Jay-Khiroya-Kluster-blog

Jay Khiroya, founder at house of operations shares his 10 KPIs every sales leader should be measuring. 

 1) Sales cycle length

The first of my sales KPIs is sales cycle length. When I mention the sales cycle length, I break it out into 5 parts:

a. How long does it take you to enrich the data so it’s ready for prospecting?
b. How long does it take to get that first meeting booked with the key decision maker?
c. How long does it then take to close the deal? And how long does it take to lose a deal?
d. How long does it take to get the customer up and running with your product, that you, as a business are comfortable that they are on the road to success?
e. Identifying an upsell opportunity and the length it takes to close

2) Product performance

Don’t let this metric define where the sales team should focus more of their time.

What I mean by this is you may find that one product seems easier to sell and the conversion is higher – but this could well be down to the sales team feeling more comfortable selling that product.

Think of the Business Strategy and the market, and if it’s another product with a low conversion rate, is it because further training is required? I’d put an additional incentive in place for the sales team to spend more time on selling that product if it’s the next business direction.

I’d also look at these metrics by product line:

a. Average deal size
b. Average conversion rate
c. Is one product easier to convert than another? Do you use this as leverage to hit the sales monthly target when in panic mode?

3) Pipeline inflow and outflow

Ensure you enter the month with enough pipeline, ensure that you’re converting and ensure that you’re creating new pipeline. You don’t want to be eating into your pipeline every month!

a. Are you continuously creating new pipeline (and from which sources)?
b. How much pipeline typically drops out (closed lost)?
c. How much pipeline gets pushed out (into another month / quarter)?
d. How much of your pipeline changes in value (increase and decrease)?
e. How much converts into closed won?

4) Touchpoints

Number of touchpoints to get the first meeting booked. The number of touchpoints, which touchpoints, and when to close a deal.

5) Activity methods

Which activity method has the better conversion rate to booking that first meeting?

Cold calling is not dead!

6) Closed won deals: Number of leads into the funnel

What’s the ratio between closed won deals to the number of leads put into the funnel?
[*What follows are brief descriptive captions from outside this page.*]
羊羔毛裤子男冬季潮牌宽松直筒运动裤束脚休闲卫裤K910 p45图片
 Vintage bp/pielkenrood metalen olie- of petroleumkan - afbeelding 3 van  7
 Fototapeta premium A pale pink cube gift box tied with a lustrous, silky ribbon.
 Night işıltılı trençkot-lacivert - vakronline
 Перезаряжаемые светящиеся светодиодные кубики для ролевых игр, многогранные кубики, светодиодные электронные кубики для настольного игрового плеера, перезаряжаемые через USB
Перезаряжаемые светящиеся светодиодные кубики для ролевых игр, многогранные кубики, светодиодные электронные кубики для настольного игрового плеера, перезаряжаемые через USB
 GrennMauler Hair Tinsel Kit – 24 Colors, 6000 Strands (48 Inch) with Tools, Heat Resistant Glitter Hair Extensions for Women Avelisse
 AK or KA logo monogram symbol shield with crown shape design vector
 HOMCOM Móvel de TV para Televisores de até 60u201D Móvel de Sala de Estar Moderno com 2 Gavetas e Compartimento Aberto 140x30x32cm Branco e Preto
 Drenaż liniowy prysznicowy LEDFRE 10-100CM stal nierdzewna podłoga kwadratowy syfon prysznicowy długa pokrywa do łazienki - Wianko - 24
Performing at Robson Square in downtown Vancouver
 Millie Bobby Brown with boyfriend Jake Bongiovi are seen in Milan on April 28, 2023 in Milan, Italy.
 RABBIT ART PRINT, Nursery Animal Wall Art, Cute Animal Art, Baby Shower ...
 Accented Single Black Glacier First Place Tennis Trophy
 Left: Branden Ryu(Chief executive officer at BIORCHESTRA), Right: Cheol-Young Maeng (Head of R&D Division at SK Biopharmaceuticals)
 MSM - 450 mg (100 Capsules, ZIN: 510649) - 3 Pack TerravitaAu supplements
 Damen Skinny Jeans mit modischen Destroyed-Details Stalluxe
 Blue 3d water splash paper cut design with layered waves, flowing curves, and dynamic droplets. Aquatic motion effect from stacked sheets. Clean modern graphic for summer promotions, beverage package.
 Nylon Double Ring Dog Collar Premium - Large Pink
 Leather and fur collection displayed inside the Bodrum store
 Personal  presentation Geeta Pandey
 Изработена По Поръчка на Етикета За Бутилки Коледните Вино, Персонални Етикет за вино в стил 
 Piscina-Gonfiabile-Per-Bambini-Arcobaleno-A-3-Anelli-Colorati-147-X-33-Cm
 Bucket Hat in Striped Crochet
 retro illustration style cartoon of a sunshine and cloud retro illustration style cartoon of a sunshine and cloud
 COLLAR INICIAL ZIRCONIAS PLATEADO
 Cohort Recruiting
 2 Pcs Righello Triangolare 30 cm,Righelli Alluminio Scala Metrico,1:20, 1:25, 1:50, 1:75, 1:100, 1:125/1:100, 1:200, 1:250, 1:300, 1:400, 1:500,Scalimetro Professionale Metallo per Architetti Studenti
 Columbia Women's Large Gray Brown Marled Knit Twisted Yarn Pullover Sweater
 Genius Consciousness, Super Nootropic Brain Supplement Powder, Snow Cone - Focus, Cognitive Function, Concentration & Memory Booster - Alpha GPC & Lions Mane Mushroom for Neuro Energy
This will help you reverse engineer how many leads need to go into your funnel, to get to a number.

7) Seller performance

I like to break this up into 3 parts:

a. Of course, this is the standard metric of % closed revenue against target by month / quarter (how you as a business set targets). This will show you who is and is not consistent when hitting a certain acceptable threshold in your business. Don’t assume 100% is the target, your business financial model should be employees hitting 70 – 80%.

b. The conversion rate by employee between each sales stage. This shall give you an indication of their strengths & weaknesses. Spend time with the rep on the weaknesses and this shall improve their conversion which will lead to an improved performance. Find what is working well across the team (higher conversion rate between a sales stage) and share the learnings. Leverage what has been tested to show results, amplify it within the team and scale it.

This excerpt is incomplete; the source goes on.